Task statement: Only the pictures are to be dropped; return all other data below exactly.

Dataset section:
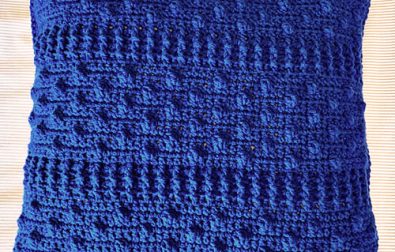 bobble-crochet-decorative-pillow-free-pattern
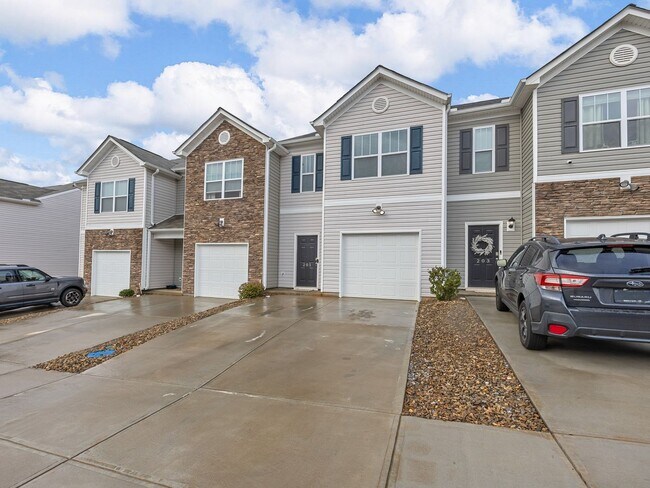 Building Photo - Modern living meets Convenience- Townhome in Greer, SC! *Waived Application Fee* With approved ap...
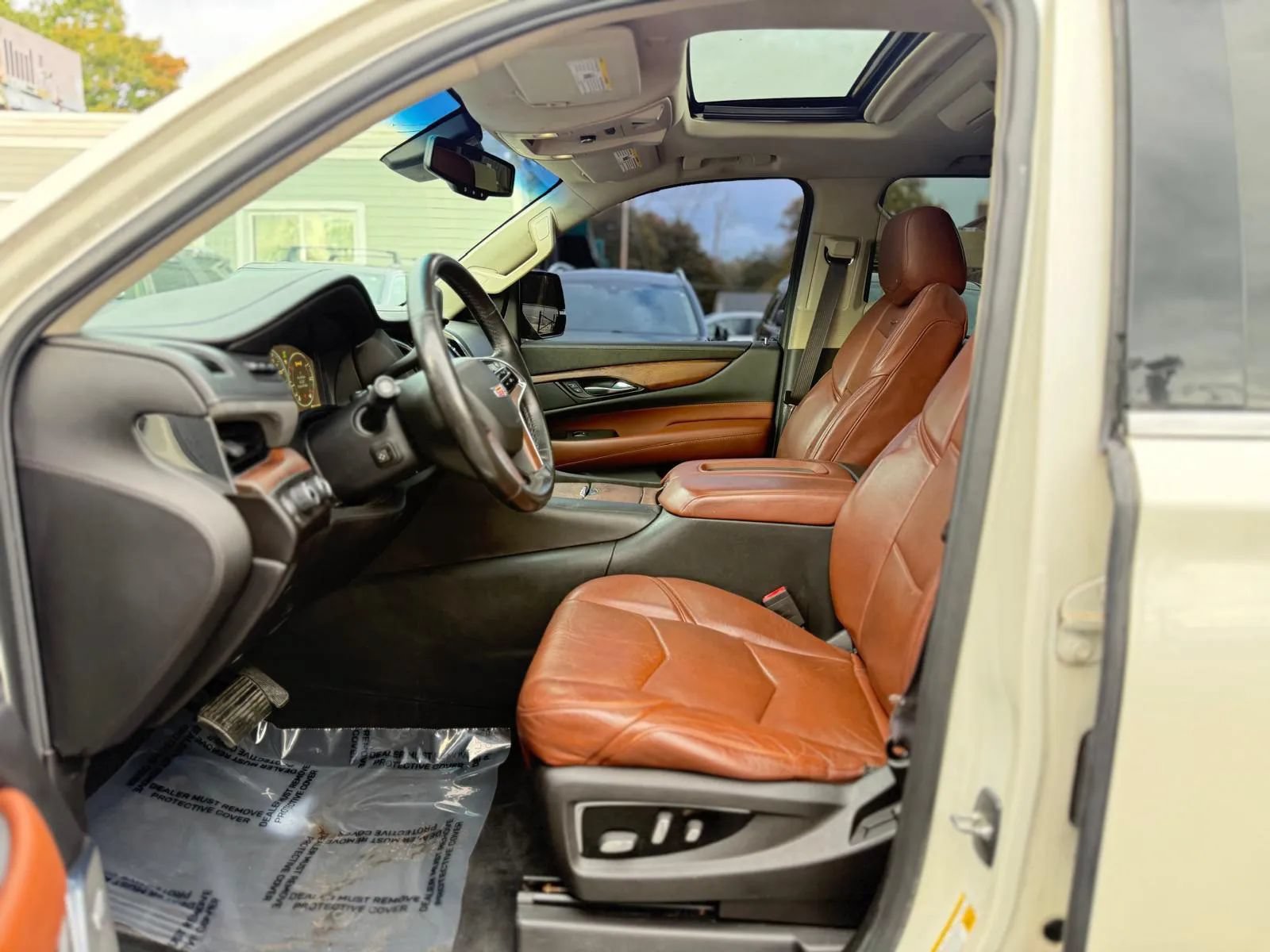 Used 2015 Cadillac Escalade ESV Premium AWD/4WD image 9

Task output:
 bobble-crochet-decorative-pillow-free-pattern
 Building Photo - Modern living meets Convenience- Townhome in Greer, SC! *Waived Application Fee* With approved ap...
 Used 2015 Cadillac Escalade ESV Premium AWD/4WD image 9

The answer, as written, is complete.